Earlier, Bhutto's party planned to file an appeal yesterday, but the move has been delayed for a day because of technical reasons, Munawwar Suharwardi, a PPP spokesman in Karachi, told Gulf News.

The election commission rejected Bhutto's nomination papers on two seats from her hometown of Larkana, saying that convicted people are not allowed to run in the elections.

In Karachi, the election commission officials rejected her nomination on the reserved women seat on similar grounds. Bhutto has been given a three-year jail term by a court for abstaining from its proceedings in two separate corruption cases.

Suharwardi said that the lawyers would file appeals in election commission's Sukkur and Karachi offices, challenging the ineligibility of the PPP chairperson on what he called "such unlawful and flimsy grounds."

"We will bring to the election commission's notice that the decision of her disqualification was announced on the state-run radio even before the returning officer in Karachi gave his verdict," he said. "This shows that the decision was made somewhere else."

Also the lawyers would argue against her conviction for abstaining from court proceedings because she was represented by her lawyers, he said.

The returning officer's ruling that she should have herself appeared before the commission to file nomination papers is also "baseless" because there is a precedent that nomination papers can be filed even in the absence of a candidate, he added.

On Tuesday, President Gen.

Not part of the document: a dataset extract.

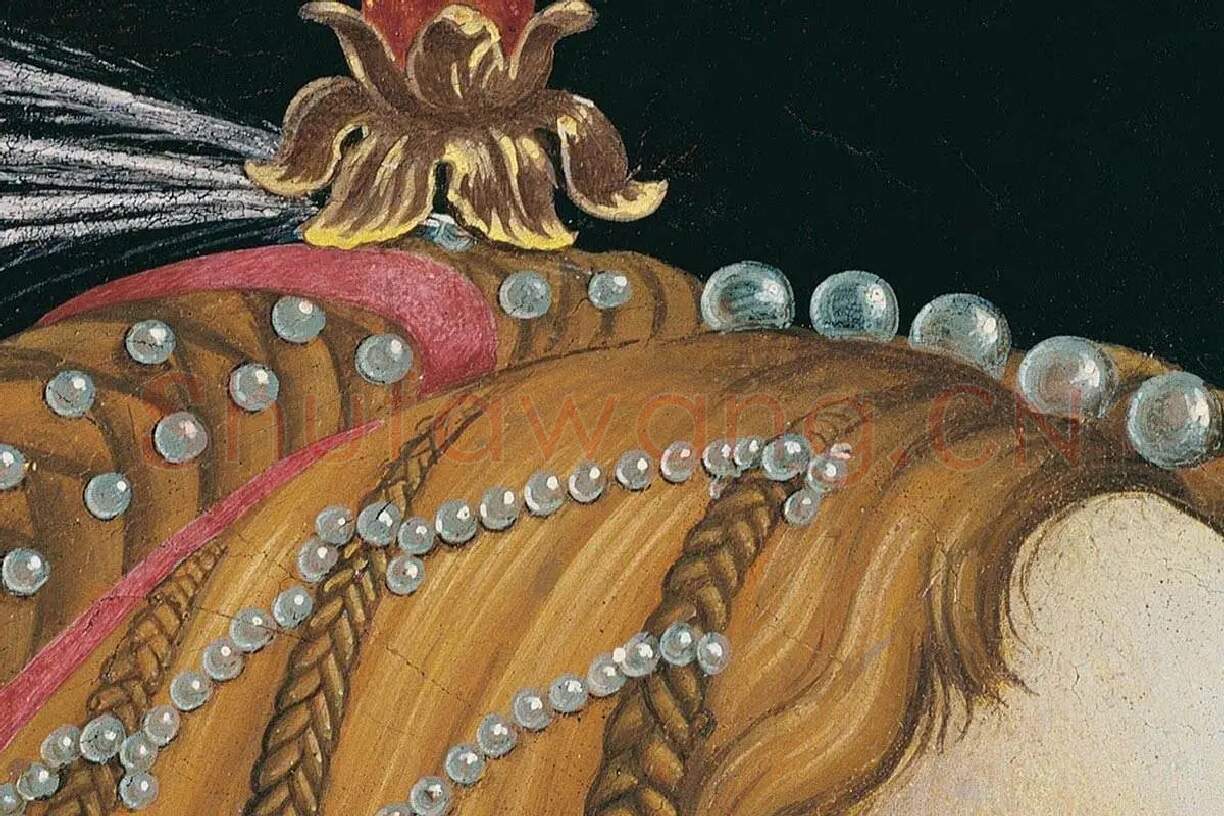 波提切利肖像画作品《西蒙内塔·韦斯普奇》局部 (3)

Pervez Musharraf reiterated his commitment to keep what he calls corrupt and dishonest politicians out of the future democratic setup.

But he denied the allegations by his opponents that the government was trying to influence the election commission to seek the ouster of Bhutto or any other politician.

The PPP accuses Musharraf of targeting Bhutto, the twice-elected premier, who has been living in self-exile since early 1999.

The government denies the charge and says that all steps are being taken under the law.

The PPP so far has failed to build pressure over the government to save the political career of Bhutto, who is struggling to stage a comeback in Pakistani politics.